To give this in an example, the screenshot below shows how we set this up to work day on day, 2020 vs 2019. As 1st January 2020 was a Wednesday, we went back and selected Wednesday 2nd January 2019 as the start date.
You can, of course, play around with these date ranges to gain various date range reports.
Another great tip from Al Wightman that we use in the vast majority of our reports. Whilst this may seem like one of the more obvious solutions within Data Studio, it is definitely one of the most underutilized.
Grouping charts together, along with filters and data control can allow you to overhaul your reporting without the need for having pages upon pages. Grouping charts with filters allows you to ensure that when filters are updated, it isn’t the entire report that updates, only the charts within that grouping.
This can come in incredibly handy when you may want to include various chart types within your report that all benefit from differing filter options.
To do this, simply add all charts and filters to the report, highlight them all, right-click and select the group! You’ll see that all selected objects now sit within one box and allow you to move them all at the same time.

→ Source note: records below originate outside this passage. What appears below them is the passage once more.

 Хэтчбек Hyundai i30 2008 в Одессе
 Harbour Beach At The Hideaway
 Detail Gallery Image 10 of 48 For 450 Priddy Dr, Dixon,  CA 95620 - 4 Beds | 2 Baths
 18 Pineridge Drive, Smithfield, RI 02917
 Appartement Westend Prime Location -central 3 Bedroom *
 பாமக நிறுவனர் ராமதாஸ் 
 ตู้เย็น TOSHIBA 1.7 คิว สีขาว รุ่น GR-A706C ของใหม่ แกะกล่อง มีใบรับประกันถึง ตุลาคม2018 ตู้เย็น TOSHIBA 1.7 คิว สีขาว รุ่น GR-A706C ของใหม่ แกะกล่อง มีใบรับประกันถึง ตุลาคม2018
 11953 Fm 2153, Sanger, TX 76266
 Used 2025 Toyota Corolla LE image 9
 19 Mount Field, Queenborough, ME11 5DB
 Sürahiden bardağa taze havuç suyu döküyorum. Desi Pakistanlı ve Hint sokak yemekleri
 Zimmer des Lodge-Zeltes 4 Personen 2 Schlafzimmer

So there we have it, 15 advanced Data Studio hacks to help you become a pro. There are countless options and advanced techniques available within Data Studio that can really help take your reporting to the next level, both internally and externally.
Since launching this blog post, we’ve had some fantastic suggestions sent into us that we just had to include, so here’s a bonus round of additional hacks you can use!
Clean up parameters with calculated fields
Omi Sido has an awesome hack that uses calculated fields to clean up parameters, we have all seen it where you have you are looking at landing pages and you spot that Facebook and other sources have added in their own parameters, stripping them in GA is the best approach but you can’t do that retrospectively.
REGEXP_REPLACE(Landing Page, ‘\\?.+’, ”)
Omi also mentioned using the CASE Statement for segmenting weekdays from weekends – More on CASE Statements here!
Big Brand Reporting
This amazing hack comes courtesy of Aleyda Solis and is incredibly valuable for anyone working on big brands;
When you’re working with big brands it is important to understand the impact of branded related searches and have additional reports filtering out brand-related activity to have a better and more straight-forward view of the impact of your work focused on non-branded queries.
- Create a Brand vs. Non-Brand Queries chart split using calculated fields that supports conditional “CASE” functions and regular expressions that facilitate the matching with different brand variations:
- Filter your tables and charts excluding Queries that contain your different brand variations, to be able to see in them only your non-branded queries performance:
Tie dates to your commentary
Daniel Cartland sent in a fantastic tip on how you can make your commentary in sheets more powerful;
Building upon Nick’s idea with the embedded Google Sheet, you can also tie a date to a comment, which means it is connected to the date range selected, sort of like the commentary available in GA. This can be useful to see how changes implemented, or G updates as you mention, have had an impact on traffic/revenue etc.